Hebat! Mungkin satu kata ini patut disematkan kepada Pertamina. Betapa tidak, di tengah kondisi pandemi dan resesi global seperti ini, Pertamina masih mampu mencetak laba dan memberikan pemasukan bagi negara.
Pertamina mencatatkan untung di atas US$ 1 miliar atau sekitar Rp 14 triliun tahun 2020. Hal ini sebagaimana diungkapkan oleh Direktur Utama Pertamina, Nicke Widyawati pada Jumat (5/02).
Menariknya, laba tersebut dibukukan saat iklim bisnis kurang ideal. Pasalnya, pada awal tahun lalu Pertamina mengalami "triple shock". Ketiganya meliputi anjloknya harga minyak dunia, penurunan permintaan BBM, dan melemahnya nilai tukar rupiah terhadap dollar Amerika Serikat.

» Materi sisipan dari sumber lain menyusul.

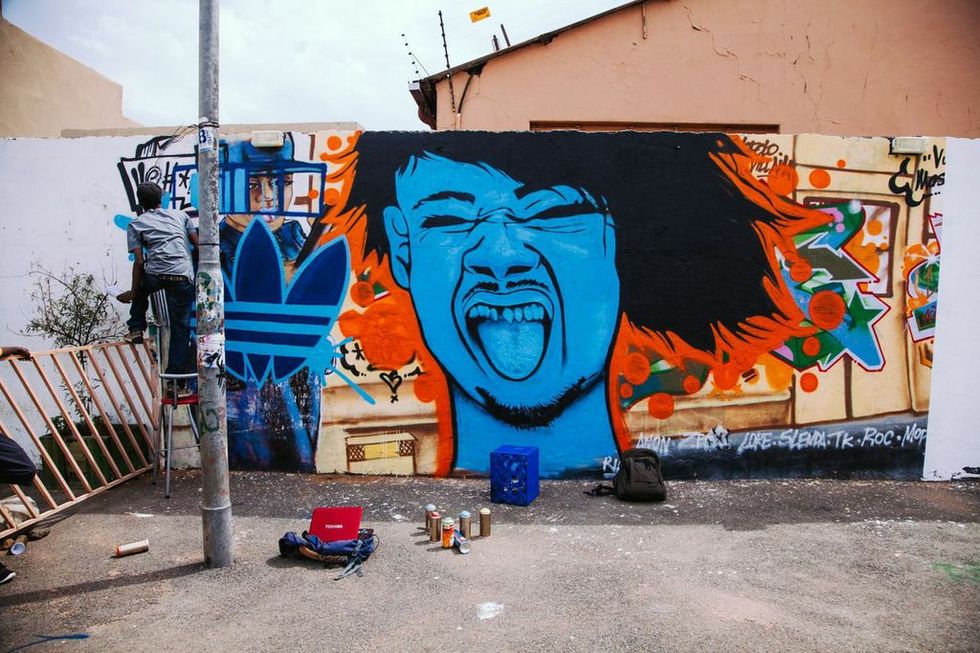 Danny Brown x Soweto: adidas Original Welcomes Detroit's King Of The Ruckus To Joburg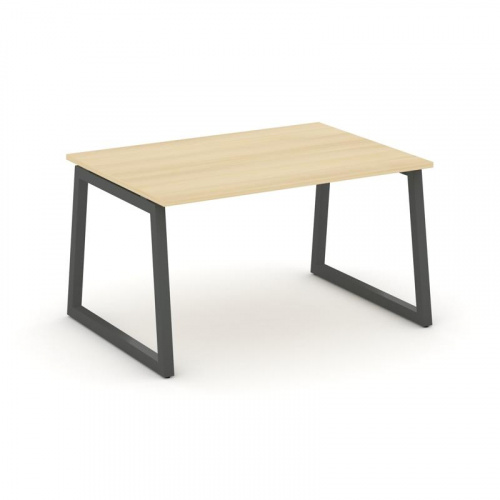 Style Project Стол переговорный SN-5T1.SPRG-002.3 Акация Лорка/Металл Антрацит 1180*980*750 фото 28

Bahkan karena kondisi itu, Pertamina sempat mengalami kerugian Rp 11 triliun pada semester I tahun 2020.
Tetapi tidak hanya Pertamina saja yang mengalami kerugian saat itu. Hampir semua perusahaan minyak dunia juga mengalami hal serupa, seperti Exxon Mobil Corporation, Chevron Corporation, dan BP.
Hebatnya Pertamina cepat bangkit dari keterpurukan. Di saat bisnis sedang "jatuh", mereka segera beradaptasi dan mencari solusi yang tepat. Alhasil, per Juli 2020 lalu, perusahaan negara ini sudah mulai menghasilkan laba dan terus berlanjut hingga akhir tahun.
Yang pasti, kisah Pertamina membukukan laba ini tidak semudah membalikkan tangan. Ada upaya keras di dalamnya.
Bila menyimak paparan Dirut Pertamina, setidaknya ada tiga langkah strategis yang diambil perusahaan negara tersebut untuk membalikkan keadaan.
Pertama, Pertamina terus menggenjot peningkatan produktivitas hulu dan migas. Kinerja produksi mereka hampir mencapai target yang ditetapkan.
Kedua, penghematan atau efisiensi di semua lini bisnis. Misalnya, Pertamina melakukan pemotongan Operational Expenditur (Opex) hingga 30 persen, serta memetakan prioritas anggaran investasi.